__Assignment__: In the data, find the word "with" and copy out every line that has it.
[[ Records, beginning ]]
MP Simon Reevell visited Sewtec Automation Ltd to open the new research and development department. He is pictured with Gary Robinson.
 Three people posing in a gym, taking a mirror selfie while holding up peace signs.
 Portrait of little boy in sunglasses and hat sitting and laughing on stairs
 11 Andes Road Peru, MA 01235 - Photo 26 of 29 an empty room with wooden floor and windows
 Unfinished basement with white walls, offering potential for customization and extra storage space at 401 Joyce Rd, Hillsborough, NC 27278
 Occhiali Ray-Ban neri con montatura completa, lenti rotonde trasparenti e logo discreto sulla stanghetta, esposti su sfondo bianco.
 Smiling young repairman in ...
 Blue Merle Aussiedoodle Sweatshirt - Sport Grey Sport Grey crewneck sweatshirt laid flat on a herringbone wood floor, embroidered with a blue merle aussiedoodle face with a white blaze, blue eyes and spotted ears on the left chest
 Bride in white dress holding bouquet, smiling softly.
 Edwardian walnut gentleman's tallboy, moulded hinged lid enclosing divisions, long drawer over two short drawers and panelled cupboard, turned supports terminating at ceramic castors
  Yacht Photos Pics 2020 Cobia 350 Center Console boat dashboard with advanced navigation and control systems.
[[ Records, end ]]
__Task result__:
MP Simon Reevell visited Sewtec Automation Ltd to open the new research and development department. He is pictured with Gary Robinson.
 11 Andes Road Peru, MA 01235 - Photo 26 of 29 an empty room with wooden floor and windows
 Unfinished basement with white walls, offering potential for customization and extra storage space at 401 Joyce Rd, Hillsborough, NC 27278
 Blue Merle Aussiedoodle Sweatshirt - Sport Grey Sport Grey crewneck sweatshirt laid flat on a herringbone wood floor, embroidered with a blue merle aussiedoodle face with a white blaze, blue eyes and spotted ears on the left chest
  Yacht Photos Pics 2020 Cobia 350 Center Console boat dashboard with advanced navigation and control systems.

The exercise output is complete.